Many SCSI problems are caused by cabling and (lack of, or inappropriate) termination. This often results in repeated SCSI bus resets, parity or CRC errors and sometimes reduced transfer speeds. There is a good SCSI termination tutorial at this site: www.scsita.org/aboutscsi/SCSI_Termination_Tutorial.html. There is other useful SCSI information at that site (see W9).

There is also a SCSI "faq" site (see W10) that addresses many configuration and troubleshooting issues. Although the main focus of this site is Windows (and its ASPI interface), much is relevant to SCSI in Linux and other Unix implementations.

When it looks like something has partially locked up the system, the ps command can be useful for finding out what may be causing the problem. The following options may be useful for identifying what part of the kernel may be causing the problem. This information could be forwarded to the maintainers.

ps -eo cmd,wchan
ps -eo fname,tty,pid,stat,pcpu,wchan
ps -eo pid,stat,pcpu,nwchan,wchan=WIDE-WCHAN-COLUMN -o args
The most interesting option for finding the location of the "hang" is "wchan". If this is a kernel address then ps will use /proc/ksyms to find the nearest symbolic location. The "nwchan" option outputs the numerical address of the "hang".

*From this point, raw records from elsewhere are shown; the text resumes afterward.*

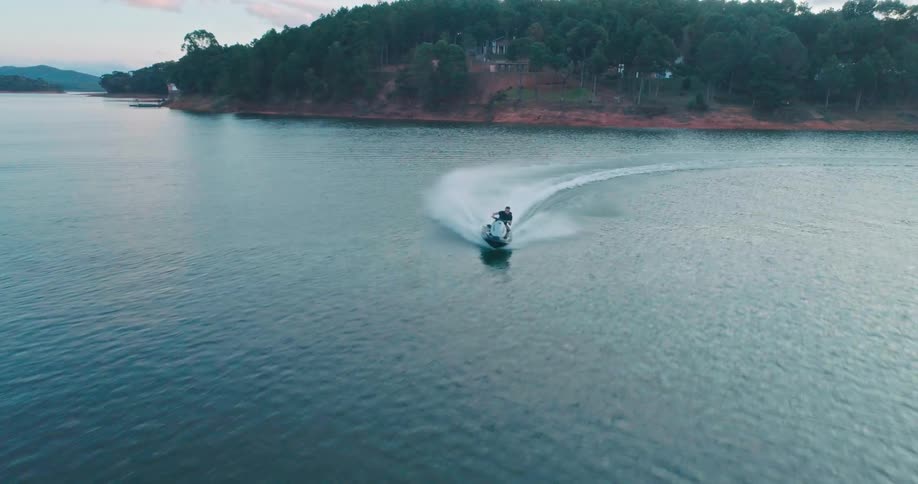 A person riding a jet ski at high speed during sunset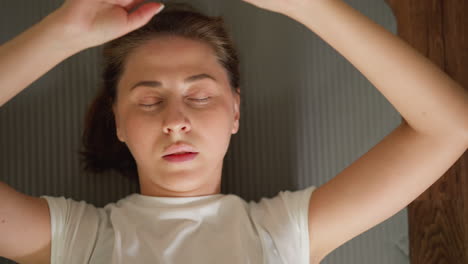 fatigued female reclines on mat post-training. drained woman exhales while resting on floor in home gym. attractive athlete taking break from exercising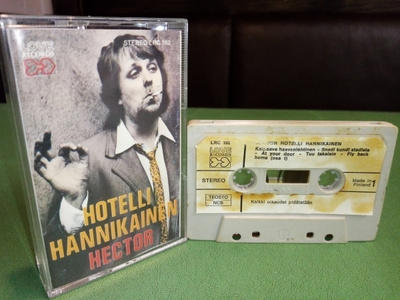 C-KASETTI : Hector :  Hotelli Hannikainen ( SIS POSTIKULU)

If the system is not responding to keystrokes, then <Alt+ScrollLock> in text mode should output a stack trace while <Ctrl+ScrollLock> should output a list of all processes. If the log is still working, the output will be sent there as well as appearing on the console.

If the kernel has been built with the CONFIG_MAGIC_SYSRQ, then in text mode <Alt+SysRq+H> will list available commands. Of these <Alt+SysRq+S> is useful for doing an emergency sync while <Alt+SysRq+U> will remount file systems in read only mode. After that <Alt+SysRq+B> to reboot the machine might be your next move.